Reproduce the records below exactly, leaving their images out.
= Beginning of Section =
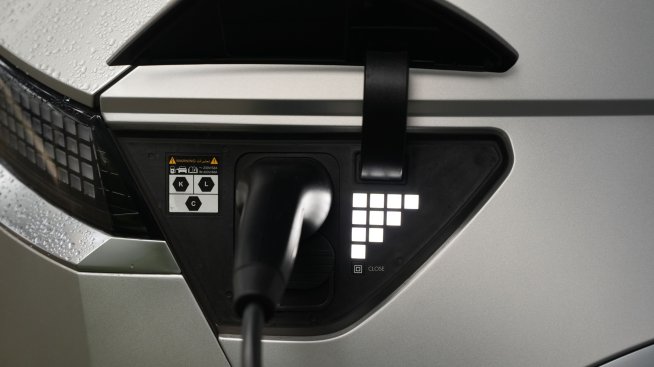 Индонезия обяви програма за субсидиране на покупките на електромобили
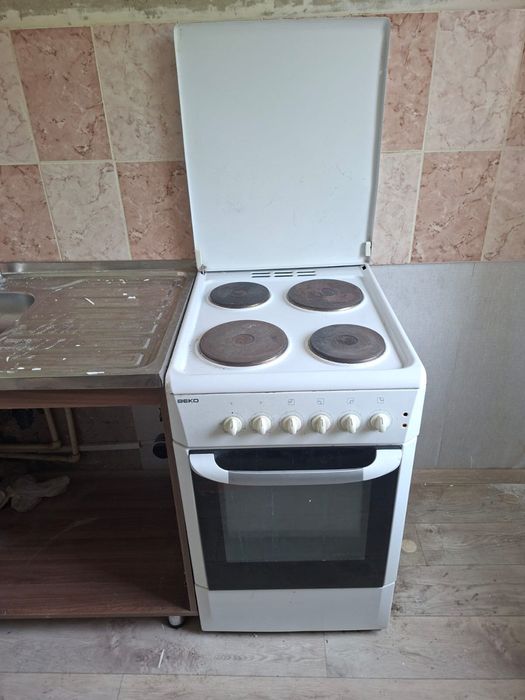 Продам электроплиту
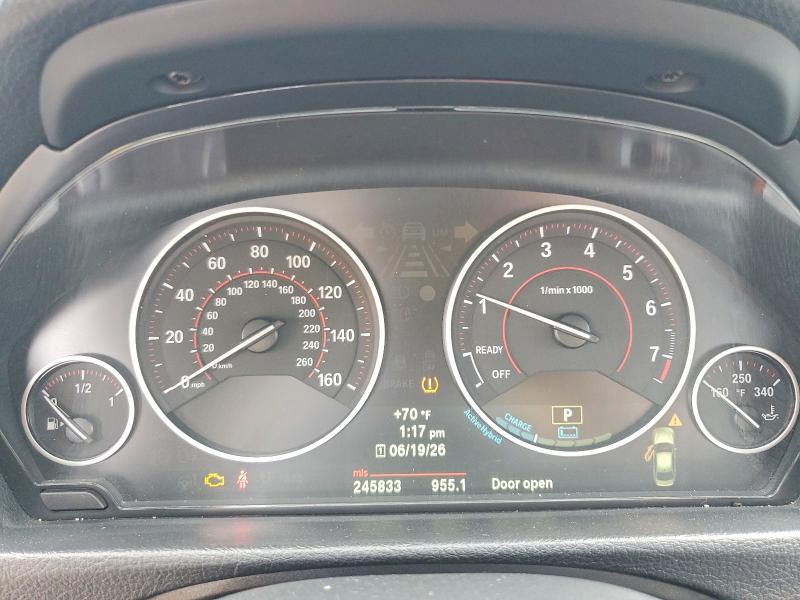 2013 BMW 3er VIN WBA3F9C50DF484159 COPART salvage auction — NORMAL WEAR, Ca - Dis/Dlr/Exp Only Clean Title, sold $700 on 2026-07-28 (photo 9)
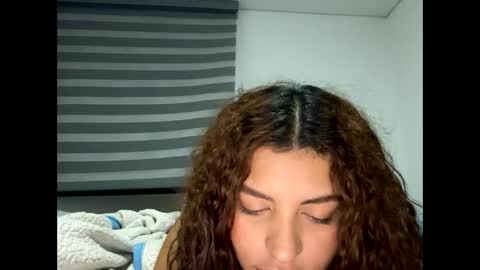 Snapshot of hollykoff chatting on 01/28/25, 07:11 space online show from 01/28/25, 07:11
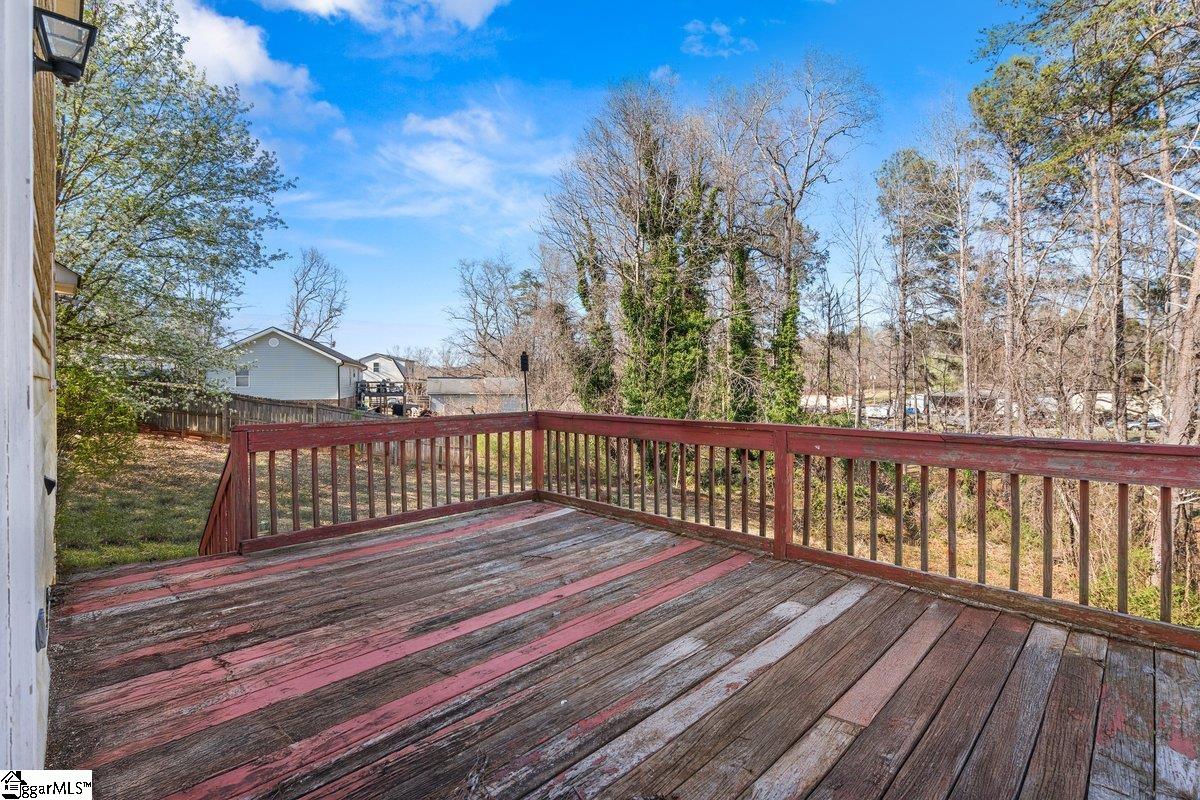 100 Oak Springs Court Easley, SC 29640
= End of Section =
_Solution for this problem_:
 Индонезия обяви програма за субсидиране на покупките на електромобили
 Продам электроплиту
 2013 BMW 3er VIN WBA3F9C50DF484159 COPART salvage auction — NORMAL WEAR, Ca - Dis/Dlr/Exp Only Clean Title, sold $700 on 2026-07-28 (photo 9)
 Snapshot of hollykoff chatting on 01/28/25, 07:11 space online show from 01/28/25, 07:11
 100 Oak Springs Court Easley, SC 29640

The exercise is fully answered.